Sajrone ngadepi pacoban dadi wakil umat manungsa, Gusti Yesus nggunakake pasa kang dadi cara kanggo nglatih panguasan dhiri kang sejatine 100% manungsa, lan fokus dening Allah sakderengipun Panjenengane nglampahi misi pawartos (Injil). Ananging wonten ing ukara “sasampunipun piyambak e pasa 40 dina lan 40 ndalu nalika Yesus ngelih banjur dicobani dening iblis” tinuduhake menawa Iblis sejatine ngerti tenan apa kang dadi karep lan kesenangane manungsa marang nafsu kadonyan, kang isa didadekake cara kanggo ngadohake Gusti Yesus saka Karsane Allah.
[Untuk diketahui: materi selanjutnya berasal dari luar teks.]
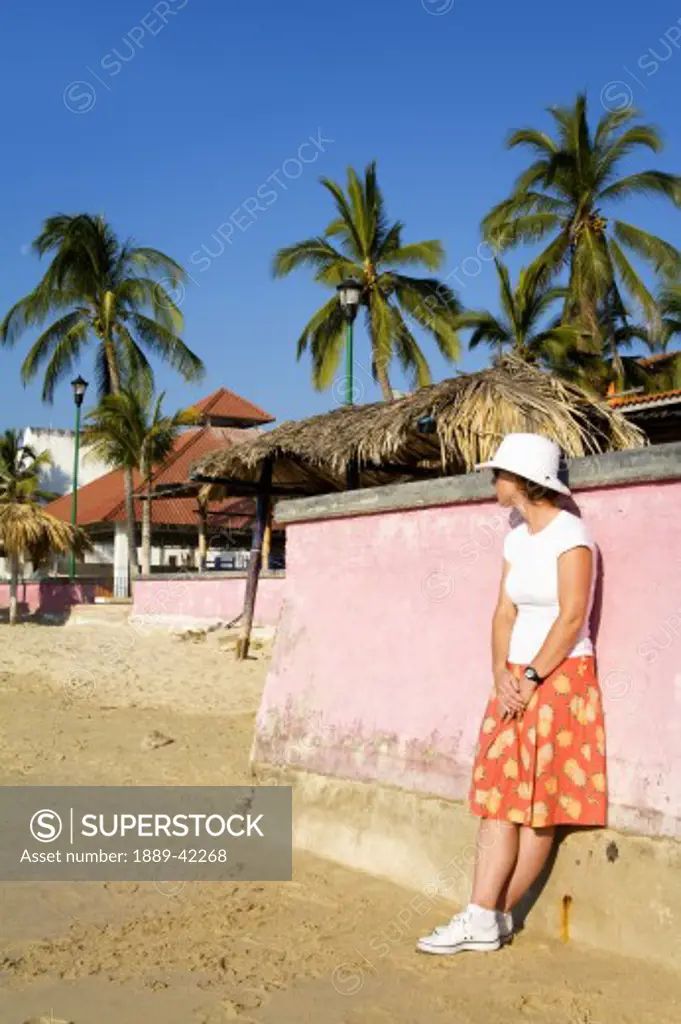 Santa Cruz Beach, Huatulco, Oaxaca State, Mexico; Woman leaning on wall on beach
Pramila dados tyang pracaya, kita mesti saktemene mangerteni Sabdaning Allah, sarta nguatake apa kang dadi tameng iman kita. Yaiku nggunaake pasa kang dadi cara kanggo nglatih panguasan dhiri kita lan ngupaya fokus datheng Gusti Allah.

Aktivitas
Remaja diajak melakukan kegiatan puasa serentak selama satu hari dalam Minggu itu (bebas memilih hari). Lalu remaja dapat membuat catatan kecil yang nantinya dikumpulkan kepada pamong, yang berisi:

  1. Cobaan apa yang kamu dapatkan ketika menjalani puasa? Lalu bagaimana kamu menghadapinya?
  2. Ceritakan perbedaan apa yang kamu rasakan sebelum dan sesudah puasa!